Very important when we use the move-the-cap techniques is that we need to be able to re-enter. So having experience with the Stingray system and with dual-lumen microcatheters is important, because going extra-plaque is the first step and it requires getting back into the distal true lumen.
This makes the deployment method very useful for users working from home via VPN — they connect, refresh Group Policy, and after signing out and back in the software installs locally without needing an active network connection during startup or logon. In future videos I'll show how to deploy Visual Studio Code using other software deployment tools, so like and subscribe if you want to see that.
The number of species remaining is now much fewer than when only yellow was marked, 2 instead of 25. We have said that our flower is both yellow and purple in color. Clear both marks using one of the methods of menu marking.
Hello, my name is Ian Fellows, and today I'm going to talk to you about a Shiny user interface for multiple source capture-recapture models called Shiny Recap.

=-=-=-=-=

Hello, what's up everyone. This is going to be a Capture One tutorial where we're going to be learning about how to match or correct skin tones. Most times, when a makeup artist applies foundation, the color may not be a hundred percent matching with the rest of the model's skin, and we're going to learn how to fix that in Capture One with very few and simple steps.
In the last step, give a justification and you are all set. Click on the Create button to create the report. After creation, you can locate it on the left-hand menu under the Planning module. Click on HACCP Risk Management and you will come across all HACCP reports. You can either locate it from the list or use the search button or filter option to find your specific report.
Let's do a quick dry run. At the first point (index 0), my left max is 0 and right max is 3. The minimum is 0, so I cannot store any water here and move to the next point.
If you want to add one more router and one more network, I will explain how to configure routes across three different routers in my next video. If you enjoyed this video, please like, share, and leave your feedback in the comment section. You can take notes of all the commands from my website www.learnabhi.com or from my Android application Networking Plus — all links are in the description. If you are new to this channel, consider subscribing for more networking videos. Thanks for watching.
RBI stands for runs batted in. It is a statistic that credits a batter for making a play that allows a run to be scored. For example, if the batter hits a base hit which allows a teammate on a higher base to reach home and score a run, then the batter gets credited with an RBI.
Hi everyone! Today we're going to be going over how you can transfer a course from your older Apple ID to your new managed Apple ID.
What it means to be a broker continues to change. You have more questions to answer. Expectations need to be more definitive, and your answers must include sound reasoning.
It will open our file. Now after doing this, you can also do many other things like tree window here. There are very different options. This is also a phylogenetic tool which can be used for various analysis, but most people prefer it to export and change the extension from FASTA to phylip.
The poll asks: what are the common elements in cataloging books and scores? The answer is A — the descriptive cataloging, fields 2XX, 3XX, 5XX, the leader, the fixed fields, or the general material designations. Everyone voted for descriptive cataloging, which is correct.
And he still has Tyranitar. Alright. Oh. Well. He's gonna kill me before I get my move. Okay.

=-=-=-=-=

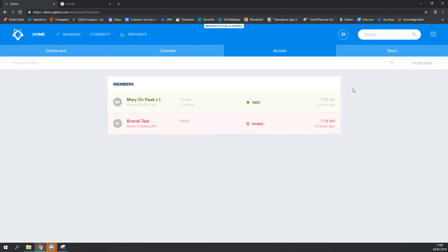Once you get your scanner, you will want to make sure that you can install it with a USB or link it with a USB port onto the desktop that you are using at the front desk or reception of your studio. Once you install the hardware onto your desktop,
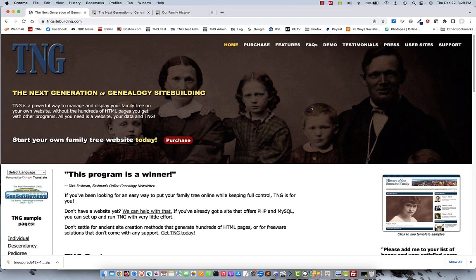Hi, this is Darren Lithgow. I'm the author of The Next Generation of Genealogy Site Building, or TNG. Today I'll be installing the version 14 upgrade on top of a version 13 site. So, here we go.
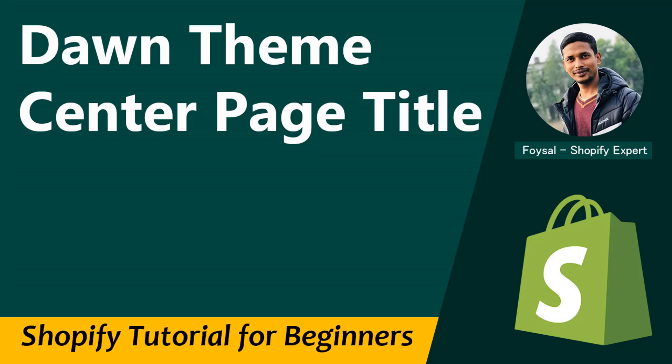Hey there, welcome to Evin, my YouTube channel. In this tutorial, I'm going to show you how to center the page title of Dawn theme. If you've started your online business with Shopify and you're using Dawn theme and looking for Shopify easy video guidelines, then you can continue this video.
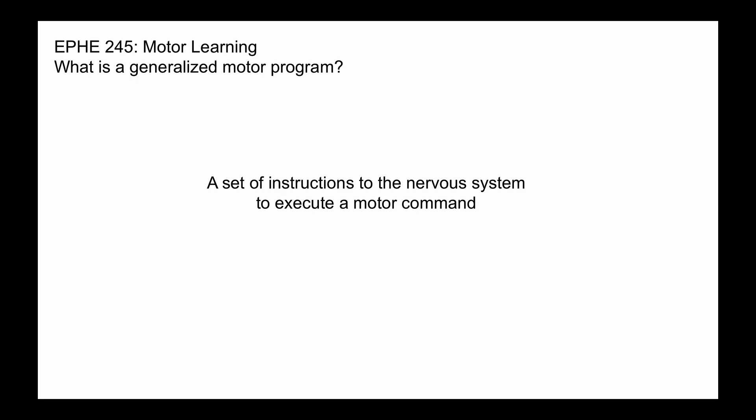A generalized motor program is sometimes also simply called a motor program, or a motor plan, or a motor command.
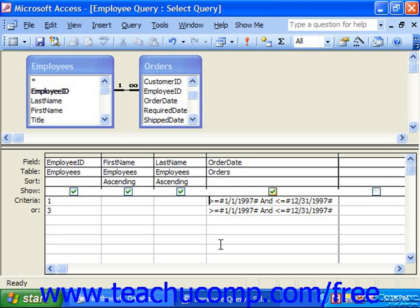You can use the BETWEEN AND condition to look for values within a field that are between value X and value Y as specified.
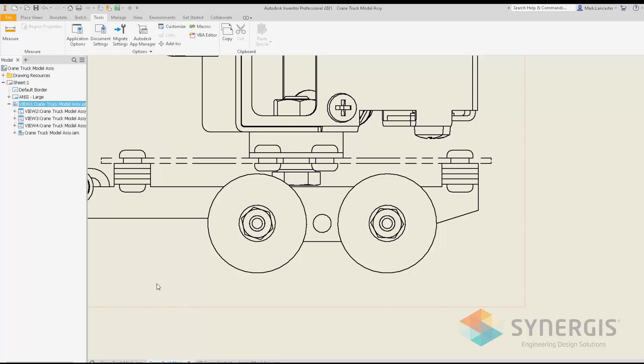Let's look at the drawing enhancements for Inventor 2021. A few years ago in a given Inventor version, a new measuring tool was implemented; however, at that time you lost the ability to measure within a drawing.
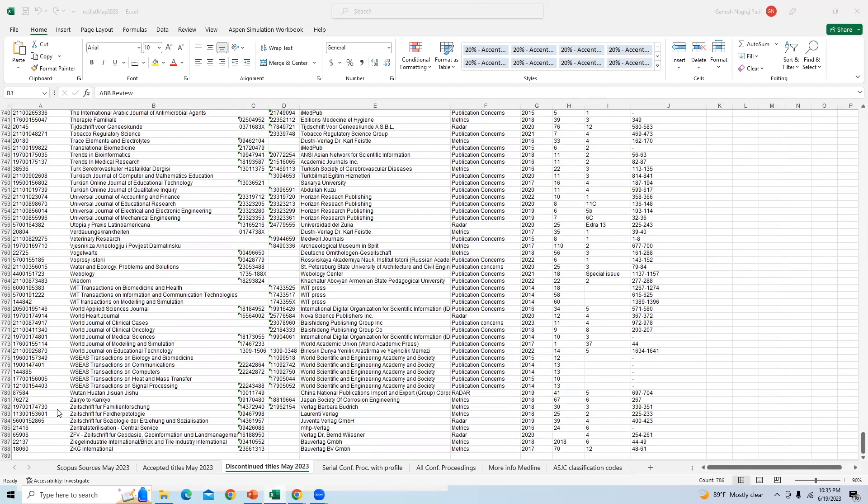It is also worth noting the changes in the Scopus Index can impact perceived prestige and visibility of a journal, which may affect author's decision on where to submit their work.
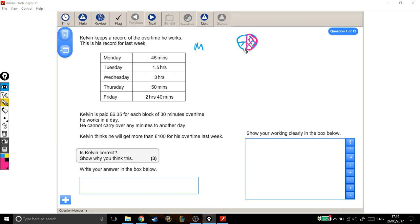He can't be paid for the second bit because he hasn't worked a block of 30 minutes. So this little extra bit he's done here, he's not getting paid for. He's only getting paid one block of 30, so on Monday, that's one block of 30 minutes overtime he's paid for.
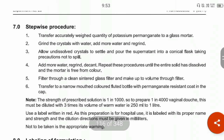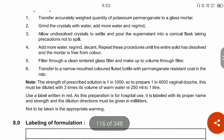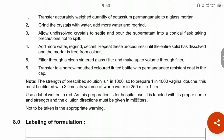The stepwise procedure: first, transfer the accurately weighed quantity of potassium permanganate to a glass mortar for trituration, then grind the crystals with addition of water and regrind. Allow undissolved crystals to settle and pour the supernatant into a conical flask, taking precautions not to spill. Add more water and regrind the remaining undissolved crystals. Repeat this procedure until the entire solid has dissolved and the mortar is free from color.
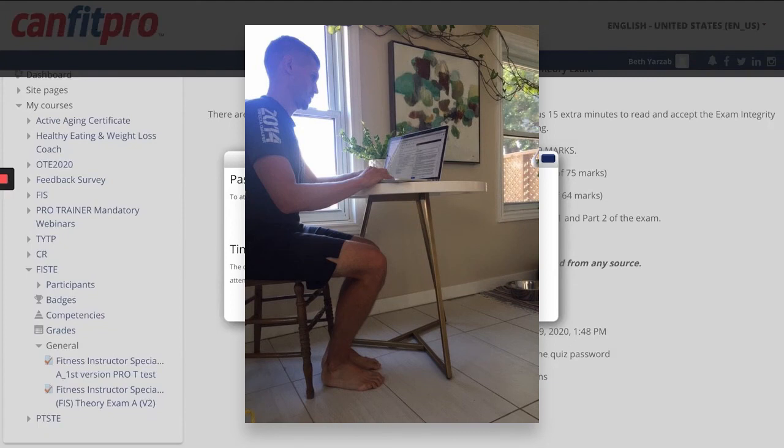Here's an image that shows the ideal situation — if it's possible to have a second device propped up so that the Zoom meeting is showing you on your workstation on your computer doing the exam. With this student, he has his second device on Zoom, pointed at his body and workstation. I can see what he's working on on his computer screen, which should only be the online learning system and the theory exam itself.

=-=-=-=-=

Work to be completed:
Make an exact copy of the lines above, beginning with the line with "Hi, this is" and ending with the line with "He can't be", and keep the pictures out of it.

Solution to the exercise:
Hi, this is Darren Lithgow. I'm the author of The Next Generation of Genealogy Site Building, or TNG. Today I'll be installing the version 14 upgrade on top of a version 13 site. So, here we go.
Hey there, welcome to Evin, my YouTube channel. In this tutorial, I'm going to show you how to center the page title of Dawn theme. If you've started your online business with Shopify and you're using Dawn theme and looking for Shopify easy video guidelines, then you can continue this video.
A generalized motor program is sometimes also simply called a motor program, or a motor plan, or a motor command.
You can use the BETWEEN AND condition to look for values within a field that are between value X and value Y as specified.
Let's look at the drawing enhancements for Inventor 2021. A few years ago in a given Inventor version, a new measuring tool was implemented; however, at that time you lost the ability to measure within a drawing.
It is also worth noting the changes in the Scopus Index can impact perceived prestige and visibility of a journal, which may affect author's decision on where to submit their work.
He can't be paid for the second bit because he hasn't worked a block of 30 minutes. So this little extra bit he's done here, he's not getting paid for. He's only getting paid one block of 30, so on Monday, that's one block of 30 minutes overtime he's paid for.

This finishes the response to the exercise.